*** Opening Data for processing ***

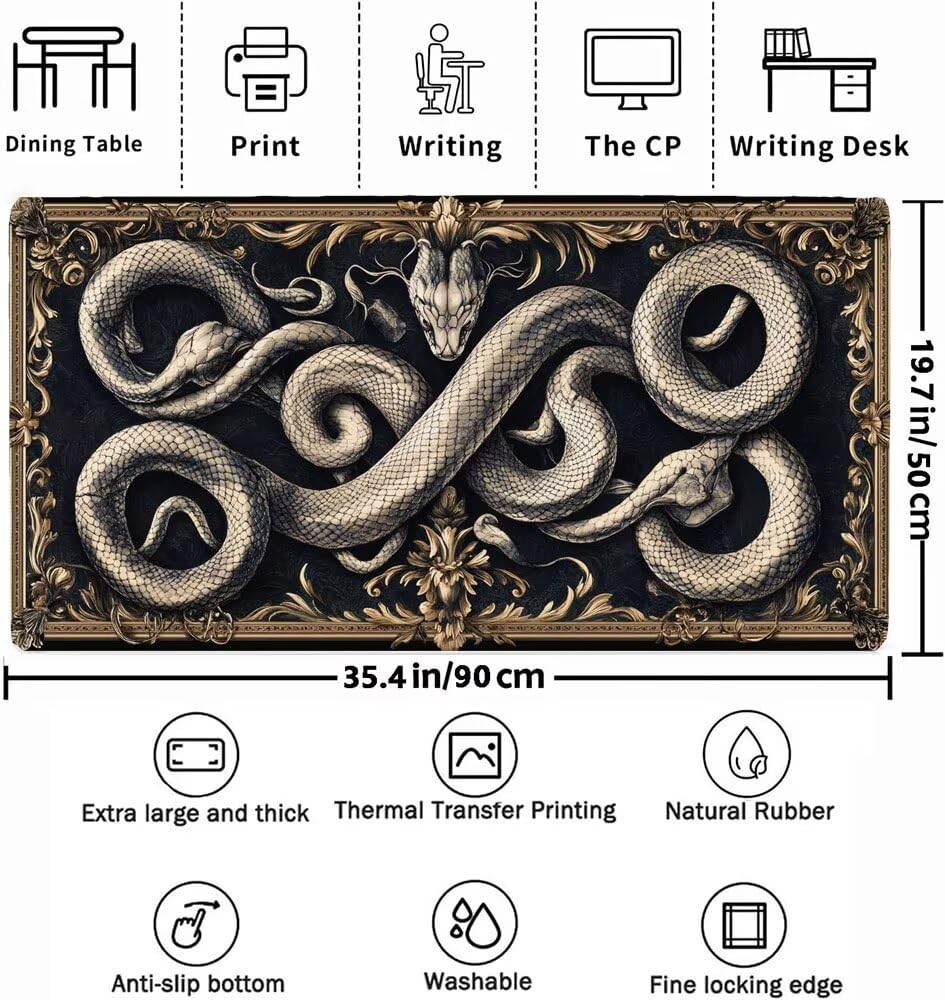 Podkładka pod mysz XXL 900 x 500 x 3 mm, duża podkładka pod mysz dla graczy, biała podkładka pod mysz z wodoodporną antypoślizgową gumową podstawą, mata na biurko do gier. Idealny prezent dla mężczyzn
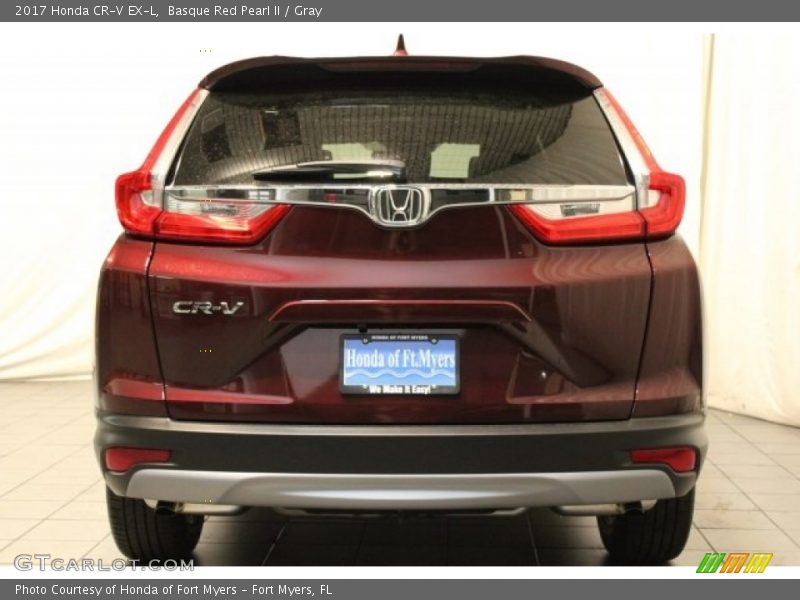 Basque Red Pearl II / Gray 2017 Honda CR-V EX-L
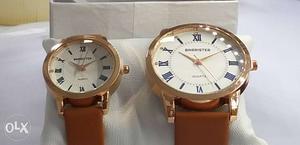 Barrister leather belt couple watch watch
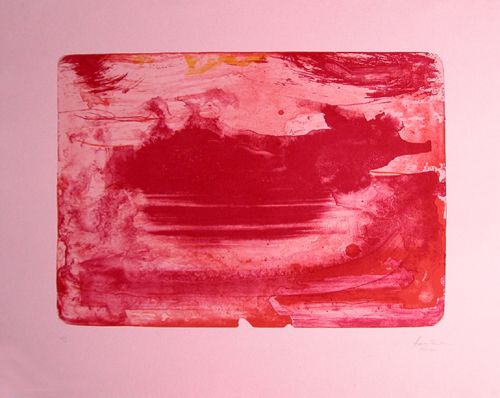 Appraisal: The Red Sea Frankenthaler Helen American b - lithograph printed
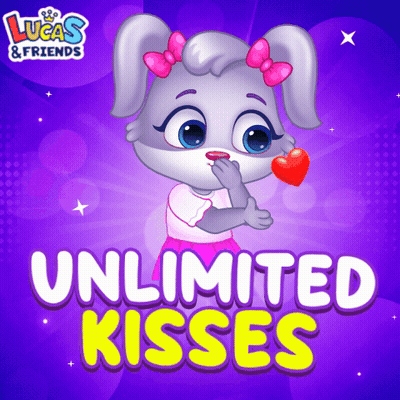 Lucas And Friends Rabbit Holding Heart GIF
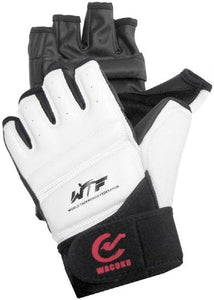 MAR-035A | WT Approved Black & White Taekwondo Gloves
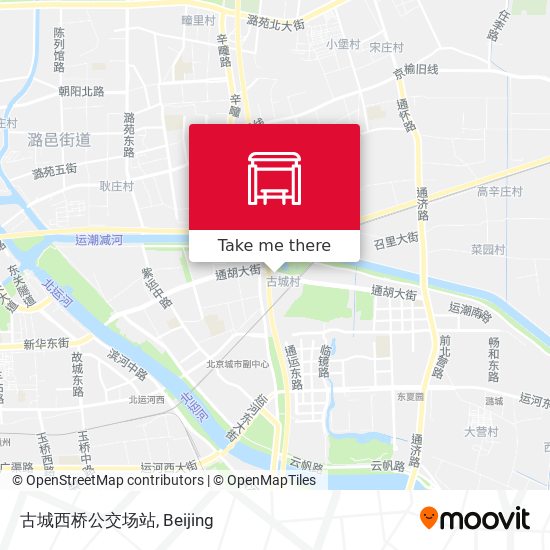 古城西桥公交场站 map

*** Closing Data for processing ***
*** Opening Data for processing ***

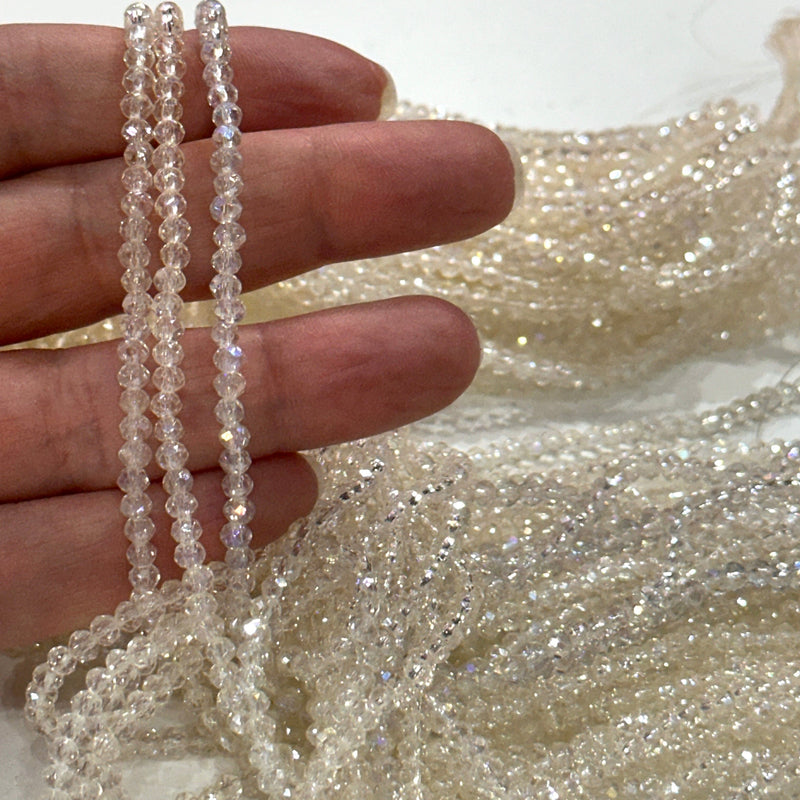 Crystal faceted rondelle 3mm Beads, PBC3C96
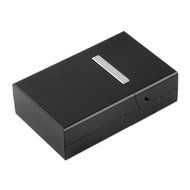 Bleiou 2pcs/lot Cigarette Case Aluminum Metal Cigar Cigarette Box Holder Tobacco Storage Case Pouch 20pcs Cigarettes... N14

*** Closing Data for processing ***

◆ Task to carry out:
Only the lines starting at the one that includes "Podkładka pod mysz XXL" and ending at the one that includes "古城西桥公交场站 map" should be retyped, exactly, from the records above; no pictures.

◆ Solution for this exercise:
 Podkładka pod mysz XXL 900 x 500 x 3 mm, duża podkładka pod mysz dla graczy, biała podkładka pod mysz z wodoodporną antypoślizgową gumową podstawą, mata na biurko do gier. Idealny prezent dla mężczyzn
 Basque Red Pearl II / Gray 2017 Honda CR-V EX-L
 Barrister leather belt couple watch watch
 Appraisal: The Red Sea Frankenthaler Helen American b - lithograph printed
 Lucas And Friends Rabbit Holding Heart GIF
 MAR-035A | WT Approved Black & White Taekwondo Gloves
 古城西桥公交场站 map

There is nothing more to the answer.